Finite element analysis of the Dirichlet boundary control problem governed by linear parabolic equation

TL;DR

This paper presents a finite element method for solving a Dirichlet boundary control problem governed by a linear parabolic PDE, including analysis of well-posedness, regularity, optimality conditions, and convergence with numerical validation.

Contribution

It introduces a finite element framework for Dirichlet boundary control of parabolic equations, deriving optimality conditions and establishing convergence rates.

Findings

Proved well-posedness and regularity of the control problem.

Derived optimal order of convergence for control, state, and adjoint variables.
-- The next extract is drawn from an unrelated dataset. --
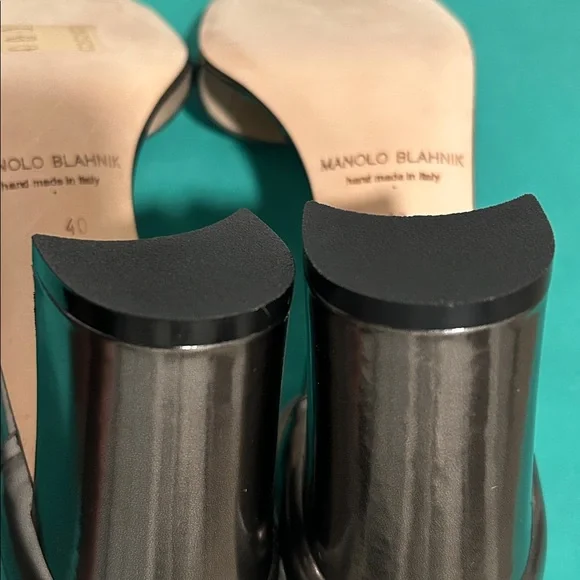 Manolo Blahnik Ankle-Strap Open-Toe Heels SZ: 40 - Picture 9 of 9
Validated theoretical results with numerical experiments.

Abstract

A finite element analysis of a Dirichlet boundary control problem governed by the linear parabolic equation is presented in this article. The Dirichlet control is considered in a closed and convex subset of the energy space $H^1(\Omega \times(0,T)).$ We prove well-posedness and discuss some regularity results for the control problem. We derive the optimality system for the optimal control problem. The first order necessary optimality condition results in a simplified Signorini type problem for control variable. The space discretization of the state variable is done using conforming finite elements, whereas the time discretization is based on discontinuous Galerkin methods. To discretize the control we use the conforming prismatic Lagrange finite elements. We derive an optimal order of convergence of error in control, state, and adjoint state. The theoretical results are corroborated by some numerical tests.